DATA>
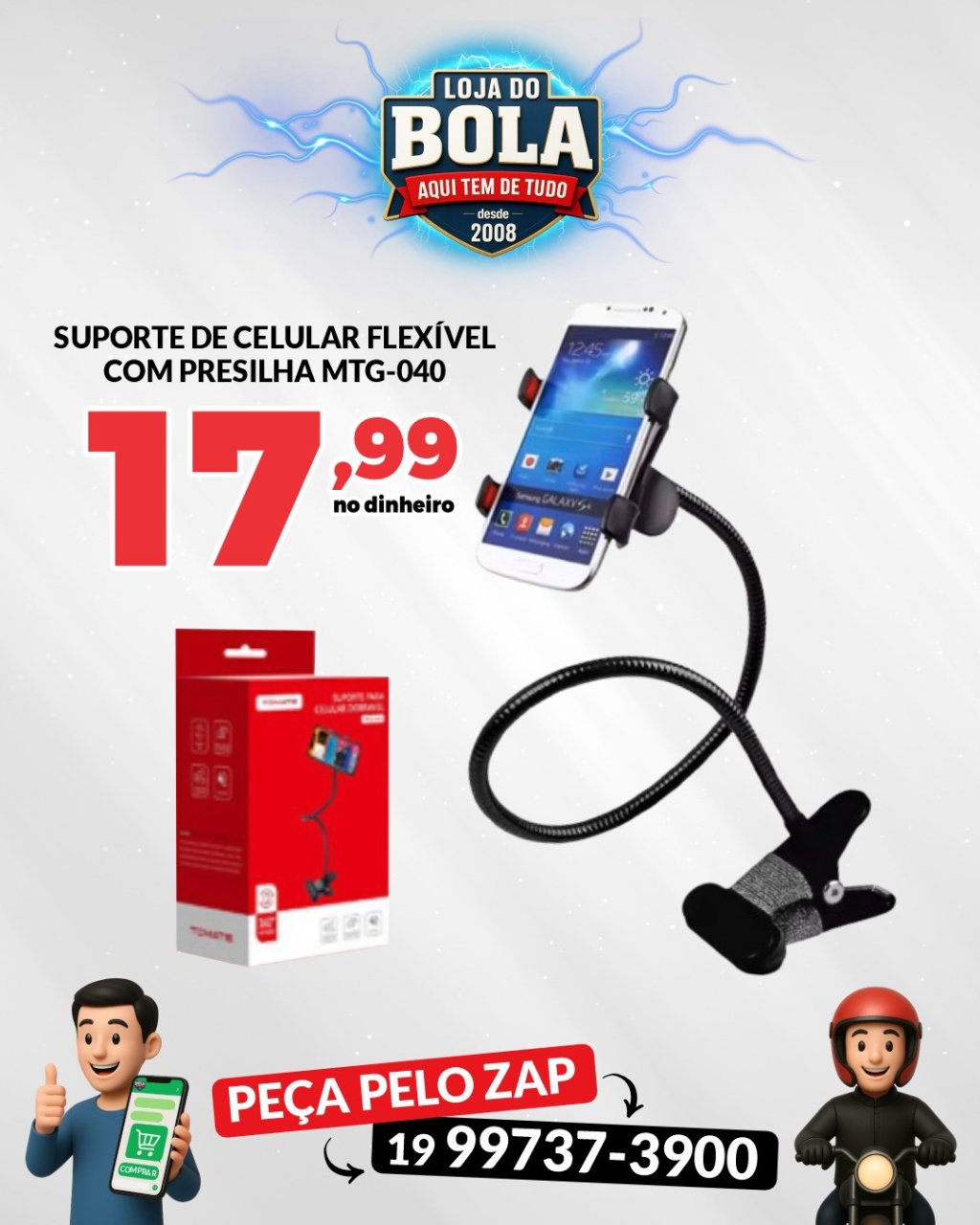 SUPORTE DE CELULAR FLEXÍVEL TOMATE 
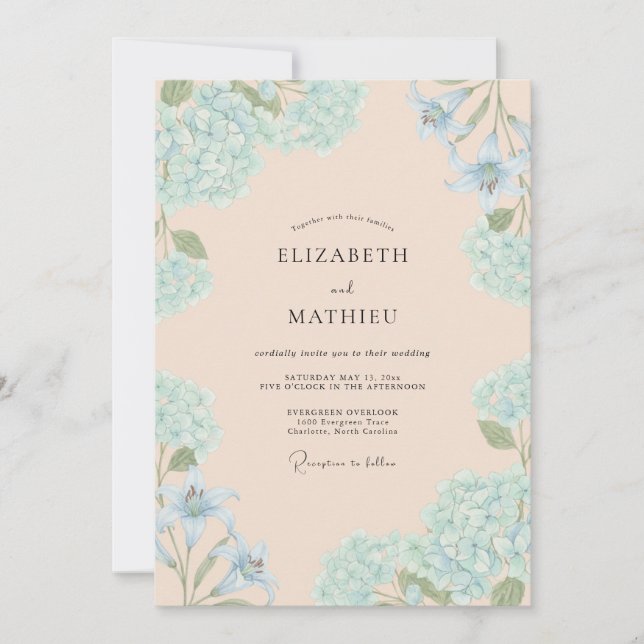 Invitación Boda elegante de primavera con albaricoque (Anverso)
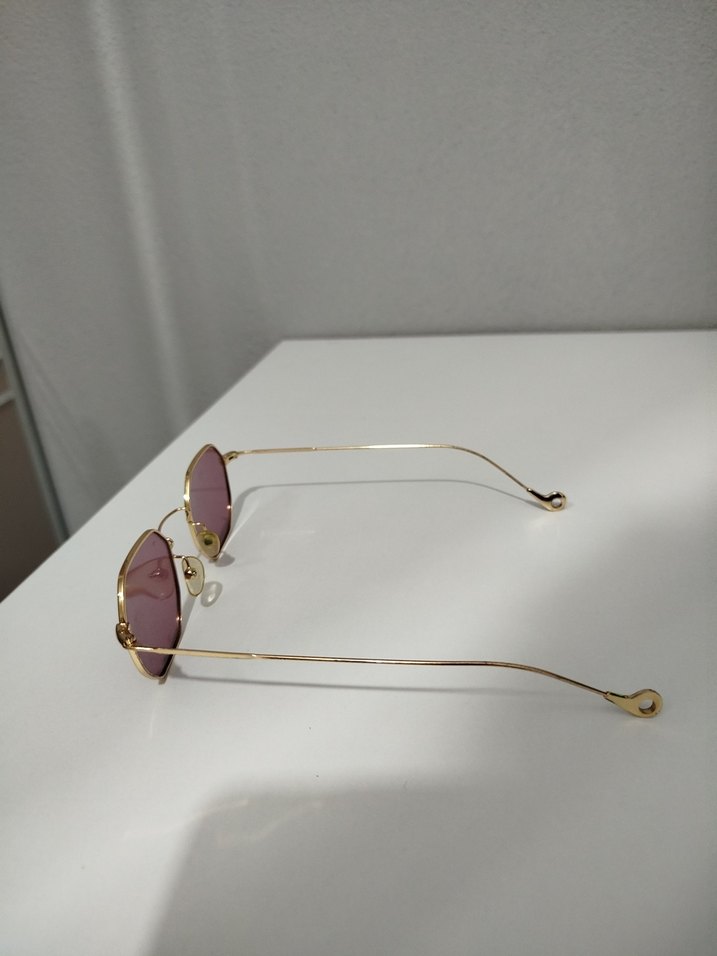 Altıgen Pastel Pembe Camlı Kadın Güneş Gözlüğü - Görsel 2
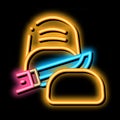 Knife Cutting Baked Bread neon glow icon illustration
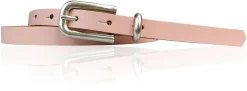 JULE: sehr schmaler Damen Ledergürtel 1,5 cm mit silberner Gürtelschnalle und Schlaufe, echt Leder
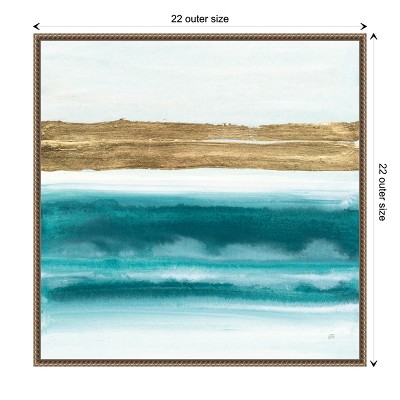 Gold and Teal Abstract Canvas Art with Beaded Frame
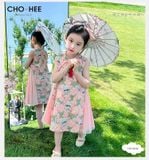  Váy đầm hồng phối lưới hồng oli river CH24046 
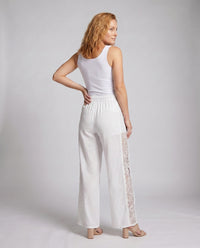 Sage Linen Trousers with Elastic Waist and Fitted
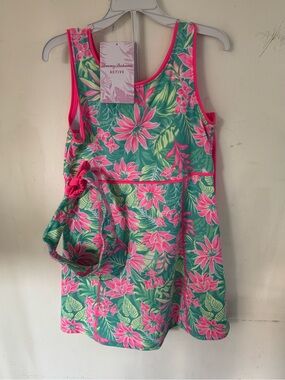 Tommy Bahama Girls' Tropical Floral One-Piece Swimsuit Dress - Pink & Green
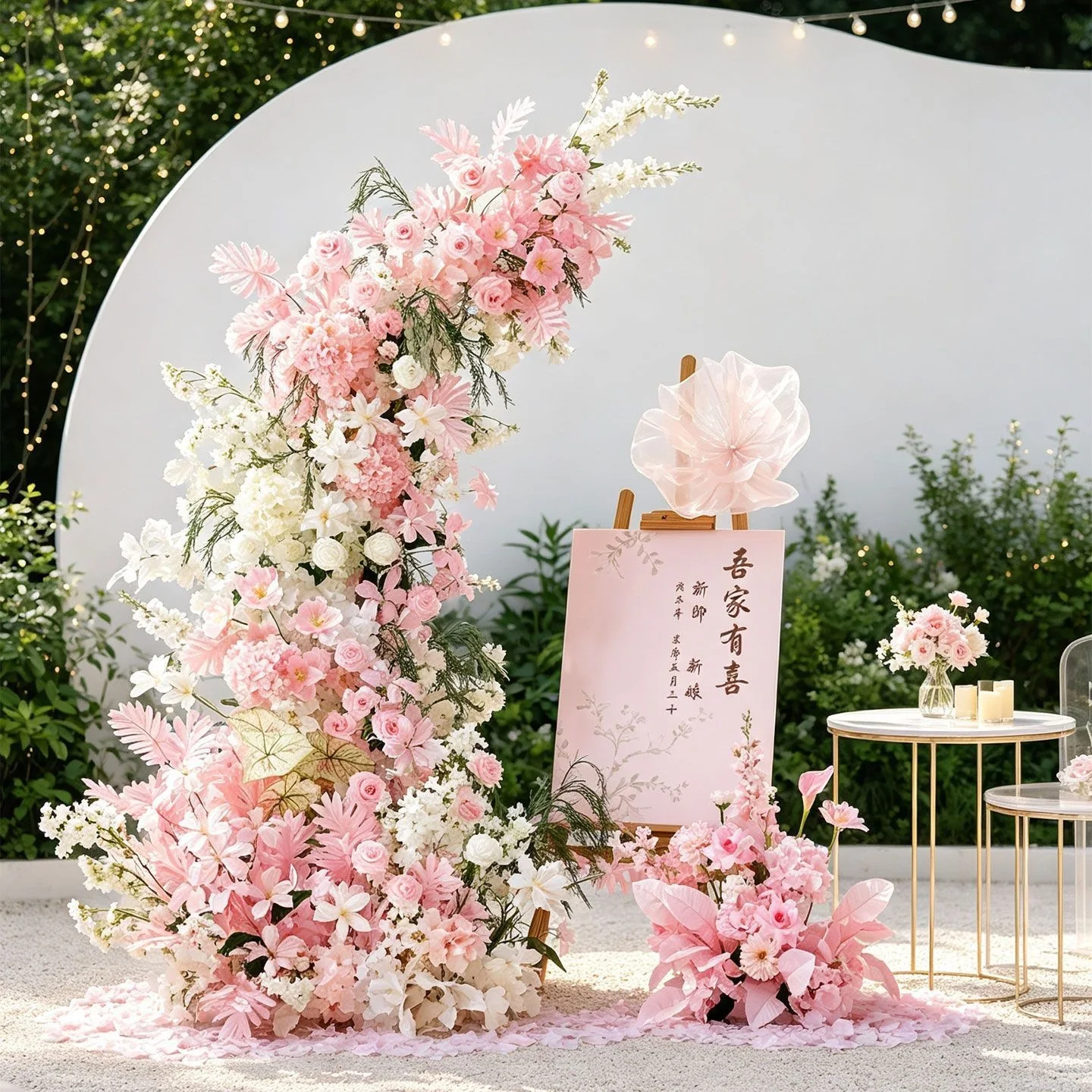 Arch wedding decoration scene high-end romantic pink floral arrangement background props full of engagement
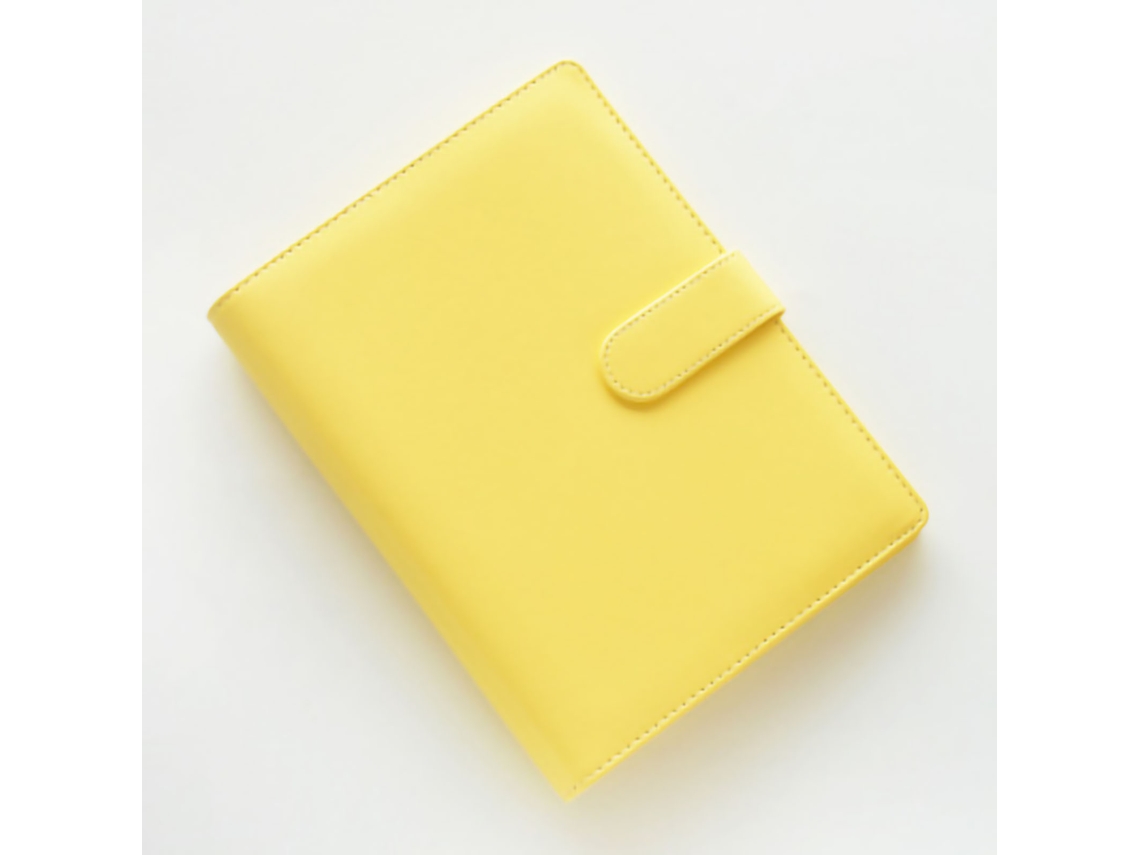 Cuaderno Suave Espesor Macaron Color Amarillo A6 Hoja Suelta Regalo Niña Niño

WHAT THE TASK REQUIRES> Reproduce the listing above exactly from the line containing "Gold and Teal" up to and including the line containing "Tommy Bahama Girls'", omitting any images and everything outside those lines.

ANSWER BELOW>
 Gold and Teal Abstract Canvas Art with Beaded Frame
  Váy đầm hồng phối lưới hồng oli river CH24046 
 Sage Linen Trousers with Elastic Waist and Fitted
 Tommy Bahama Girls' Tropical Floral One-Piece Swimsuit Dress - Pink & Green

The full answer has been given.